中目黒にある、これからさらに王道を極めていくだろうと私が信じている鮨屋さんが『鮨 つぼみ』である。ご主人は、日本が世界に誇る名店『鮨 さいとう』で修業をされていた方で、師匠である齋藤さんが『鮨 つぼみ』のプロデュースを行い、魚の仕入れも同じと聞くと、それだけでも正統派の流れをしっかりと受け継いでいることがわかるだろう。

メニューはコース料理のみで、旬を存分に味わえる、間違いのない料理ばかりだが、特にお薦めしたい一品は「トロたく巻き」である。まぐろのトロの部分をたっぷりとたたきにして、つぶ状のたくあんを少々含めて、海苔で軽く手巻きにして手渡しで供される。

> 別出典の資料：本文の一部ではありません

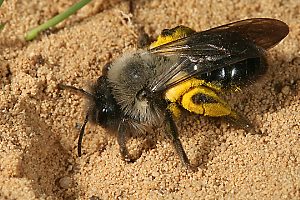 Andrena vaga, W, am Nesteingang Andrena vaga, W, beim Einschlüpfen ...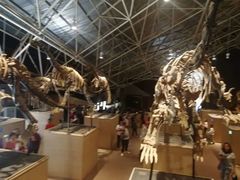 -世界恐龙谷景区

口に含むと、まず海苔のパリパリとした食感と香りがすぐにやってくる。それを楽しんでいると、さらに甘く柔らかい旨みととろけるような感覚のトロ、絶妙なバランスのシャリ、全体を締める細かく刻まれたたくあんの三拍子揃った完璧な世界観を堪能できる。特にシャリは寿司ネタとの相性が抜群。

「トロたく巻き」と聞くと脇役のイメージを持つかもしれないが、コース料理の最後に出てくる一品で、それだけにご主人の気持ちのこもった自信作なのではないかと推測している。
全体を軽く巻いてふわふわ感を出しているこの「トロたく巻き」は、食べたときの心地よさが素晴らしく、間違いなく大トリの主役、大満足で食事を終えることができる。
店はカウンターのみ10席で、隅々までご主人の目が行き届いている。しかし、席数が少ないので早めの予約が必要である。予約は直接電話をするか、インターネットの予約サイトからでも可能なので、こまめにサイトをチェックしていればチャンスは十分にあるはず。値段は決して安いとまではいえないが、高級鮨店と比べても味やサービスに遜色はなく、コストパフォーマンスは非常に高い。そんな店が中目黒にあるというのが、また素晴らしく、嬉しい。

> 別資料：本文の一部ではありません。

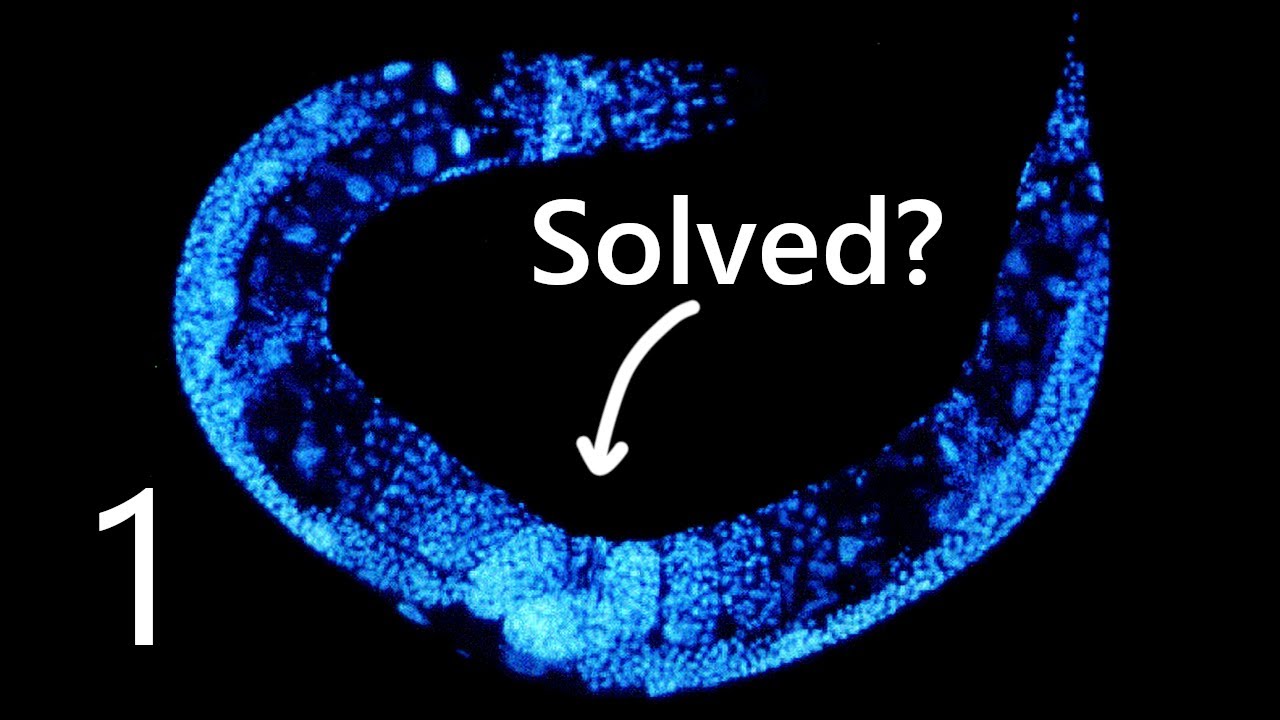C Elegans Solved 2035 Part 1: The History of Worm Simulation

『鮨 つぼみ』は今でも十分に素晴らしいが、きっと将来はもっともっと大きな花を咲かせる店になるだろうと私は確信している。

プロフィール
川原 秀仁(かわはらひでひと)

街のにぎわいを創生し、建築に様々な役割を与える「施設参謀」として日本全国を飛び回る。事業と建築、和食という一見異なるジャンルの中で、伝統に基づいた本物の技術に着目。無形文化遺産として登録された和食の普及にも公私にわたり努めている。株式会社山下 PMC 取締役会長。